For Corona’s ads to work, understanding little cultural understanding is necessary, but key. The wit of the single word or simple phrase of the tag line isn’t quite as humorous without the knowledge that Corona is typically served with a lime wedge. Without this understanding, the phrases matching up to the picture isn’t catching the attention of the viewer. What makes Corona’s ads so memorable are the connection of the short phrase with the ‘bottle of beer vs. lime’ saga. Corona is counting on the public to know that a Corona is not complete without its lime.

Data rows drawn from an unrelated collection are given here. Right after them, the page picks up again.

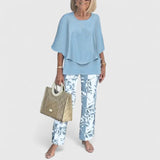 Carmela | Set elegante con pantaloni stampati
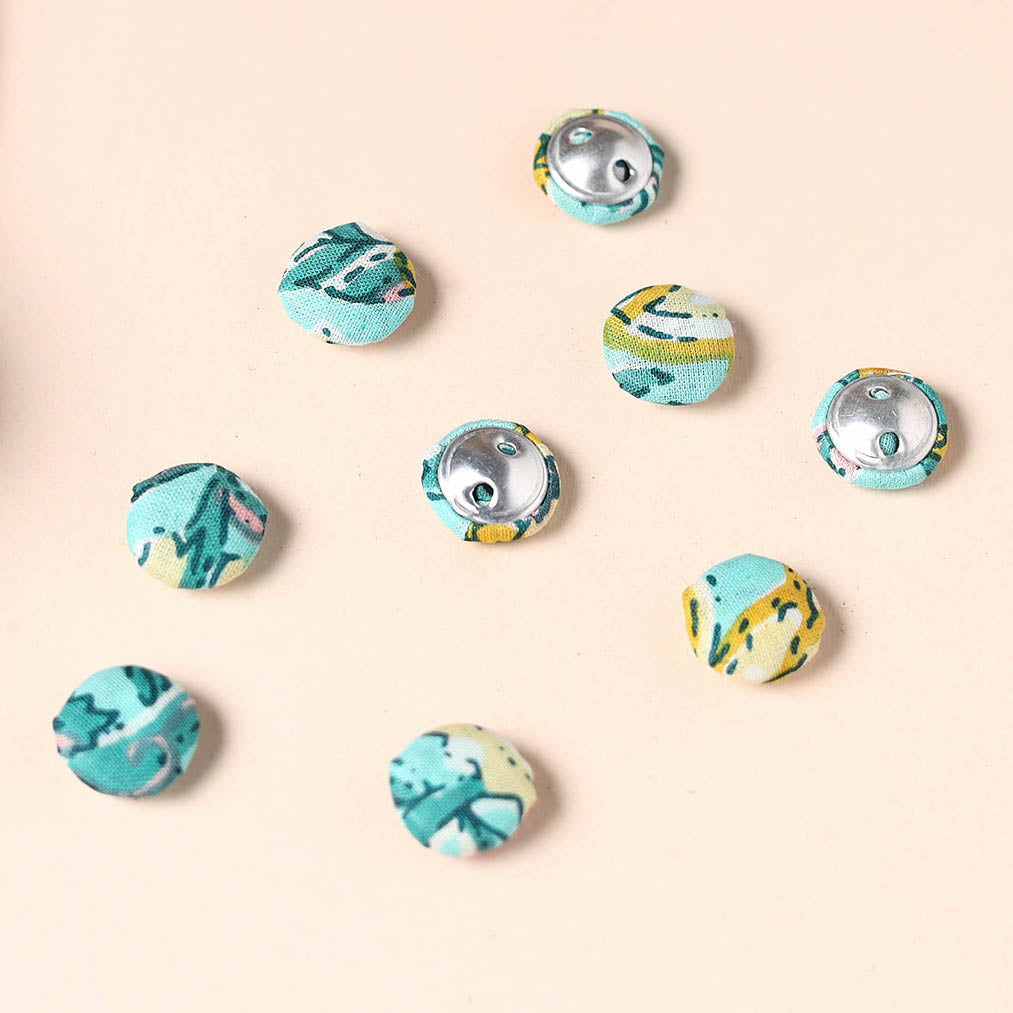 Buttonbaaz Handmade Fabric Button Small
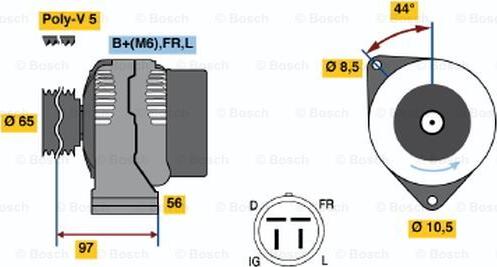 BOSCH 0 123 115 009 - Alternateur cwaw.fr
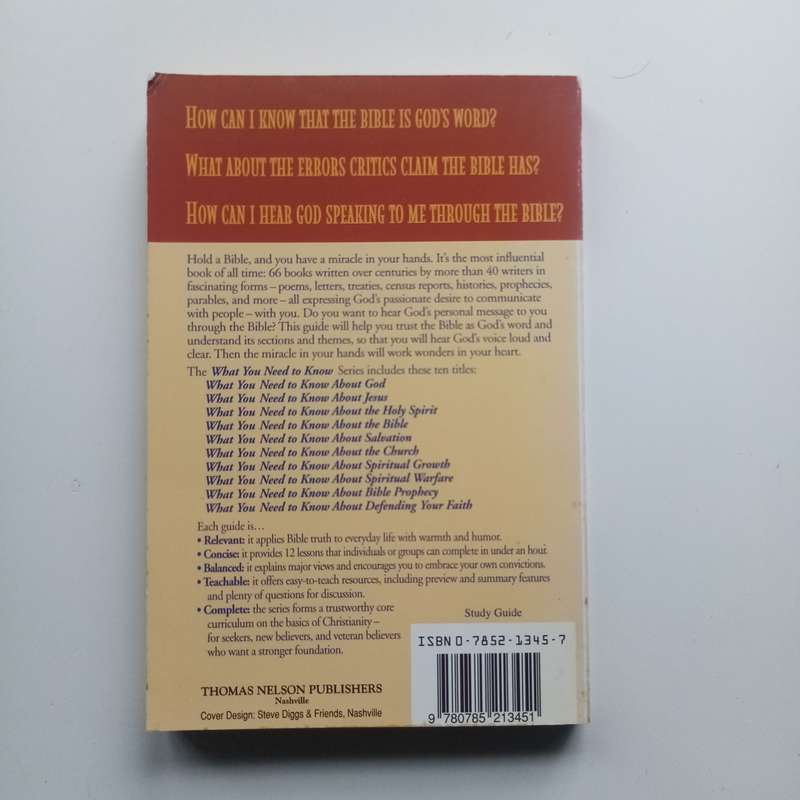 The Bible in 12 Lessons by Max Anders: A Clear and Concise Guide to Understanding the Bible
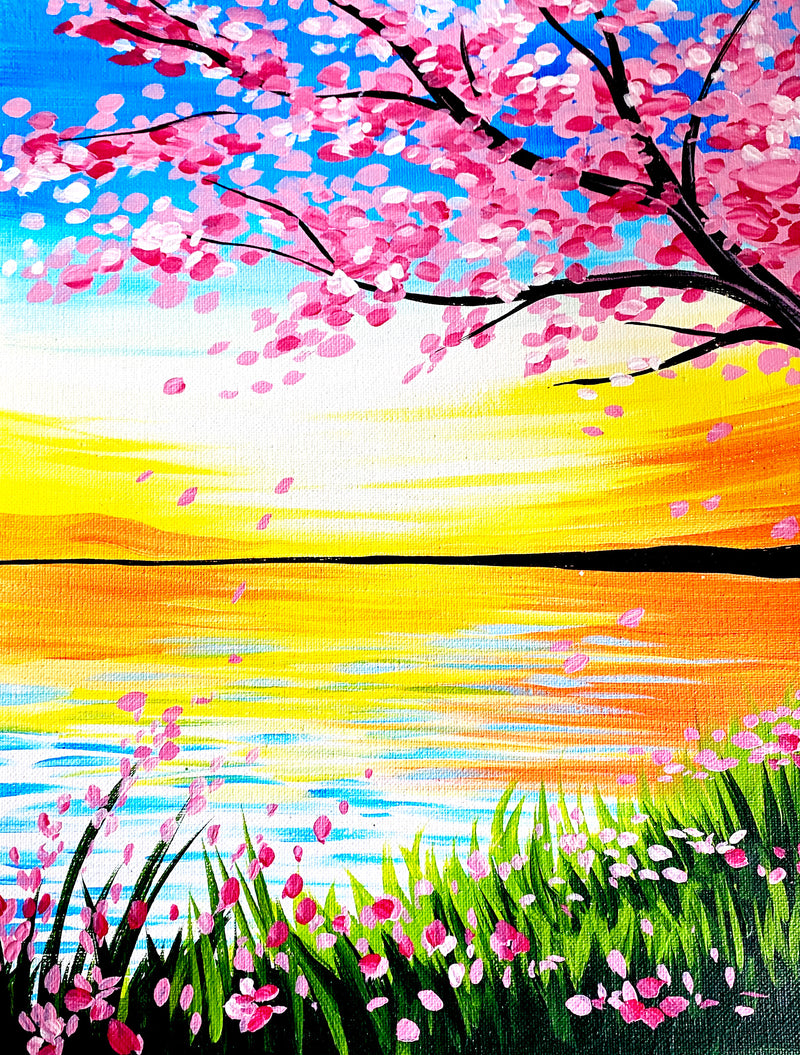 Blooming at Sunset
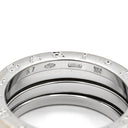 ブルガリ BVLGARI ビーゼロワン B-zero1 3バンドリング 323538 ホワイトゴールド K18WG #57(JP17) リング 指輪 750 18金 WG 16号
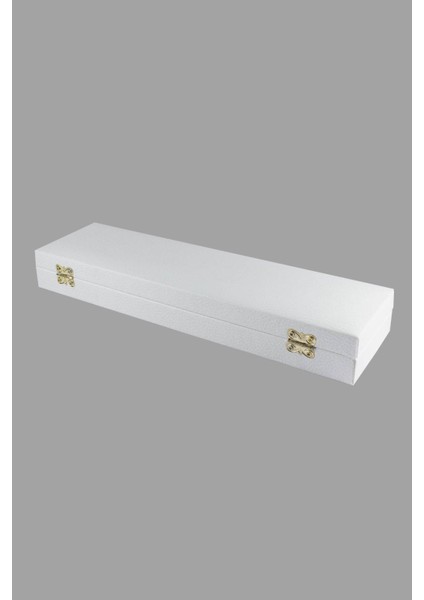 Beyaz Renk Deri Menteşeli Tesbih Kutusu fiyatları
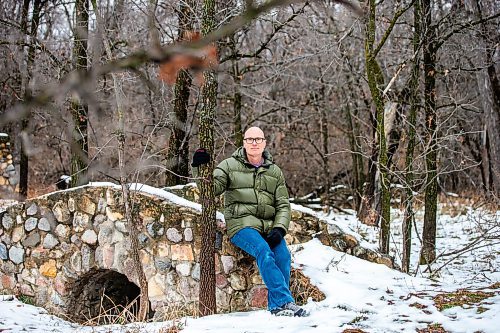 MIKAELA MACKENZIE / WINNIPEG FREE PRESS

Gerald Tole in the forest near Lemay Avenue on Monday, Nov. 6, 2023. He is concerned, as the 22 acres of forest near his home is slated to be developed.
Winnipeg Free Press 2023.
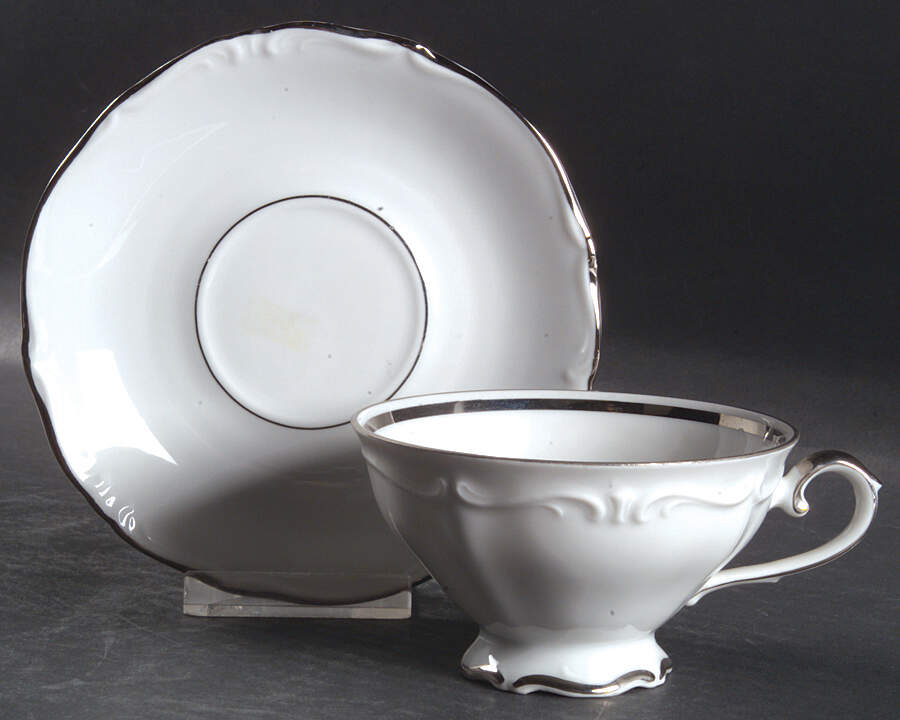 WIG822 Footed Cup & Saucer Set by Winterling - Bavaria-1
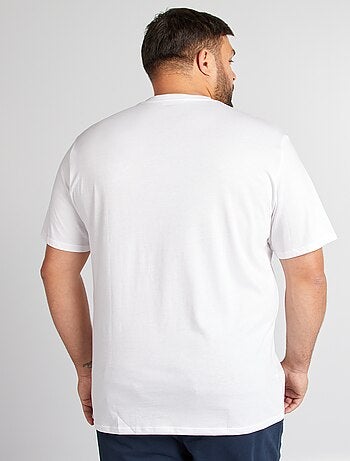 T-shirt en coton à col V pour homme
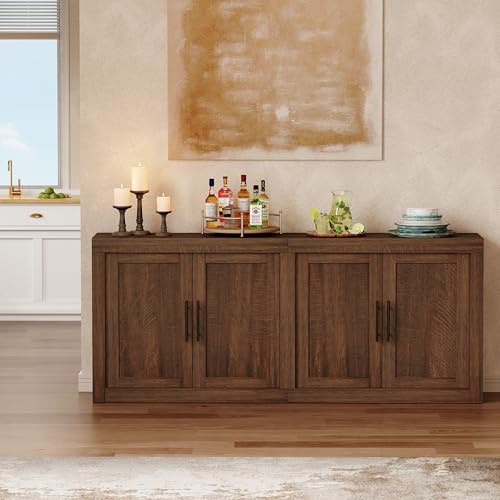 70.8" Sideboard Buffet Cabinet with 4 Doors, view 4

But what is Corona telling us? Not that their beer tastes delicious. They set their bottles of beer up in symbolic situations of today’s society. The tag lines of Corona ads like, “separation anxiety,” and “greedy” shed a humorous light on some of the exaggerated over-used excuses society is trying to comfort its people with. This is partly reinforced with the laid back attitude of the ads. The direct visual appeal of sitting on the beach allows the consumer to make a connection to relaxation. Corona is telling us that we deserve things to make life easy. Without them, it is socially and culturally OK to experience separation anxiety from these things. Greed is not a bad thing—not in America. The more, the better.

Beyond just telling you their beer is good, great, or better than anything else out there, Corona succeeds in embedding their ads in our memory. The satirist connections between human need or fulfillment through simple pictures of bottles of their beer’s need for a lime may tap in on something a little more than just our sense of humor.